EXERCISE OBJECTIVE -
After locating the line with "Политика: Индекс коррупции: Штаты" in the data that follows, return it and every later line exactly, up to and including the line with "Fahrzeugabbildung Volkswagen Passat".

GIVEN RECORDS -

==========

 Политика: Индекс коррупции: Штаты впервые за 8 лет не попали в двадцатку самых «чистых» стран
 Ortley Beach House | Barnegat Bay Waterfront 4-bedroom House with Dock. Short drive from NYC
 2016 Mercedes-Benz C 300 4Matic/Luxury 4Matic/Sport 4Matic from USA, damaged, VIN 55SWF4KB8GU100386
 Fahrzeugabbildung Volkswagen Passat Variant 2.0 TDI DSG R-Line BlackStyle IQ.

==========

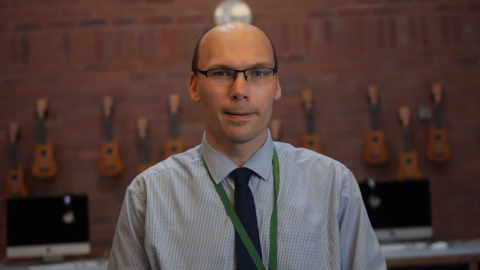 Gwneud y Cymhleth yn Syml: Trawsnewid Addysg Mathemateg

==========

RESULT OF THIS TASK -
 Политика: Индекс коррупции: Штаты впервые за 8 лет не попали в двадцатку самых «чистых» стран
 Ortley Beach House | Barnegat Bay Waterfront 4-bedroom House with Dock. Short drive from NYC
 2016 Mercedes-Benz C 300 4Matic/Luxury 4Matic/Sport 4Matic from USA, damaged, VIN 55SWF4KB8GU100386
 Fahrzeugabbildung Volkswagen Passat Variant 2.0 TDI DSG R-Line BlackStyle IQ.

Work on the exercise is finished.